» **What you have to do**
Output the span of lines from the one that contains "6944 123rd Ln, Indianola, IA 50125 - photo 1" through the end of the records, inclusive, exactly as written and free of pictures.

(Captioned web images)
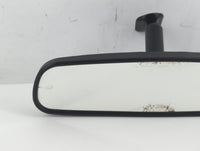 2006-2012 Honda Accord Interior Rear View Mirror Replacement OEM P/N:E11015617 Fits OEM Used Auto Parts - Oemusedautoparts1.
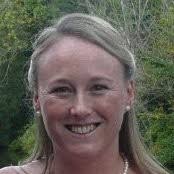 40+ perfiles de «Amanda Batchelor»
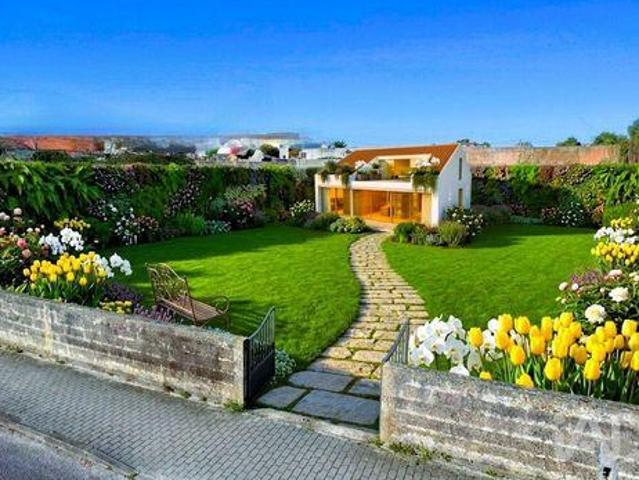 Terreno venda em Marinha Grande, Leiria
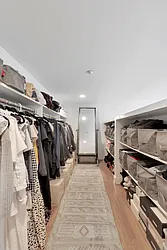 Sold by Bond New York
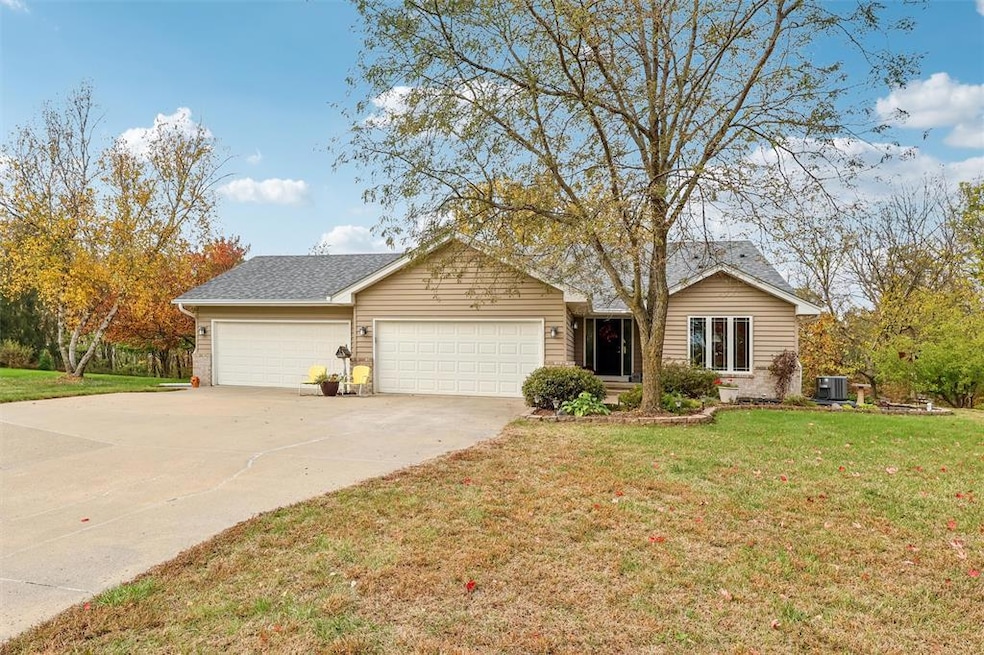 6944 123rd Ln, Indianola, IA 50125 - photo 1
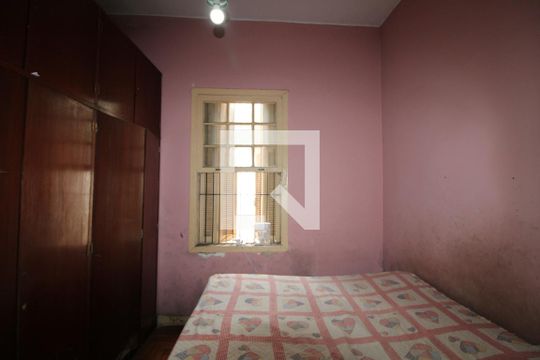 Quarto 3 de casa à venda com 3 quartos, 300m² em Vila Santa Maria, São Paulo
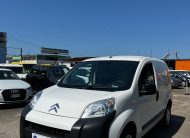 CITROEN NEMO 1.3 HDI 80 CV FURGONE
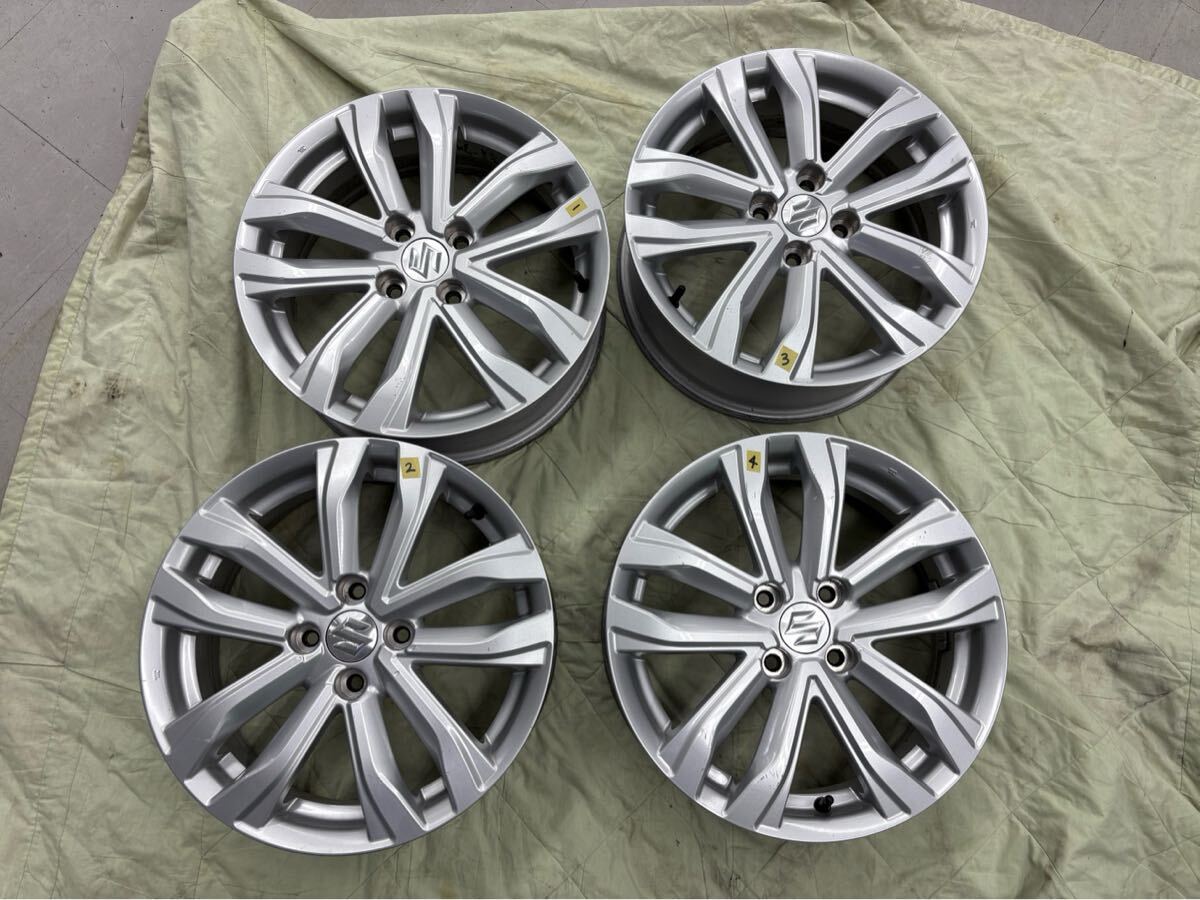 2025年最新】Yahoo!オークション -16インチ 6j pcd100 4穴の中古 2025年最新】Yahoo!オークション -16インチ 6j pcd100 4穴の中古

» **Task answer**
 6944 123rd Ln, Indianola, IA 50125 - photo 1
 Quarto 3 de casa à venda com 3 quartos, 300m² em Vila Santa Maria, São Paulo
 CITROEN NEMO 1.3 HDI 80 CV FURGONE
 2025年最新】Yahoo!オークション -16インチ 6j pcd100 4穴の中古 2025年最新】Yahoo!オークション -16インチ 6j pcd100 4穴の中古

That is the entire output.